Editorial: Separation of powers is sacrosanct

Johannesburg  – We should be gravely concerned by the disturbing revelation by Chief Justice Mogoeng Mogoeng that then finance minister Pravin Gordhan asked him how his friend, Dhaya Pillay, fared as the Judicial Services Commission (JSC) was interviewing judges for the Supreme Court of Appeal in 2016.

Mogoeng told the JSC this week that he was astonished by Gordhan’s question. The jurist of the country’s apex court had reason to be astonished.

First, South Africa’s Constitution is anchored on the principle of the separation of powers of the three arms of the state. It is, therefore, important that there is a clear line on how the executive (ministers and deputy ministers), judiciary (courts) and the legislature (Parliament) operate.

The health of our constitutional democracy is heavily dependent on this principle.

The judiciary must adjudicate disputes among citizens and interpret the law without fear or favour. Parliament must play an oversight role over the executive and hold them accountable.

Our leaders should uphold their oath of office and serve our people selflessly. None of these parties should expect any favours or collaborate with another, for this will put our democracy in peril. That is, we do not want a “friendship state”.

Many democracies are in trouble because of the capture of the state by certain interests in society.

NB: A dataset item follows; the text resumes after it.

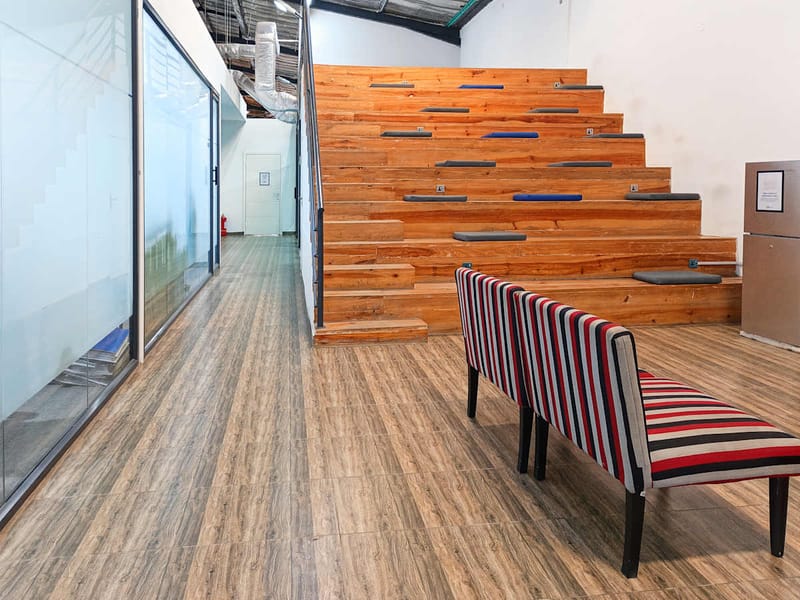 Regus - 42, Local Airport road Ikeja image 13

In some countries, the political elite has gotten away with murder because of a dictatorship of the executive occasioned by the collapse of Parliament. It is a situation in which comrades in government have their comrades in Parliament and there is no accountability.

The people, most poor, bear the brunt of this friendship. In other parts of the world, politicians influence the appointment of judges and, by design, influence court decisions. The rule of law, in this instance, suffers.

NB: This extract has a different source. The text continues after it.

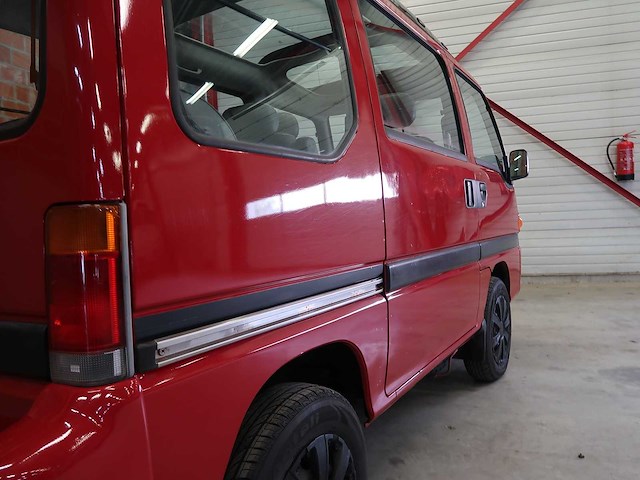 Subaru libero 4x4 - afbeelding 5 van  53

We have seen the devastating effects of the capture of any of the arms of the state by politicians and other players in society.

It is not what we want in our country.

The Guptas captured our executive and legislature. They left a devastating legacy of corruption – a weak state with hollowed out state-owned enterprises and law enforcement agencies and unaccountable politicians, to mention just a few.

We are still reeling from the friendship between former president Jacob Zuma and the Guptas. Gordhan’s letter to the JSC saying that mentioning Pillay to Mogoeng was incidental is equally astonishing.

The minister of public enterprise is giving credence to those who say he loves behaving like a “prime minister”. He should realise his conduct of telling a chief justice that a certain judge is a friend can easily be construed as an attempt to influence that jurist.

Gordhan is within his rights to deny that he was trying to influence Pillay’s appointment – but that judgement does not rest with him. We do not want a “state of friends”.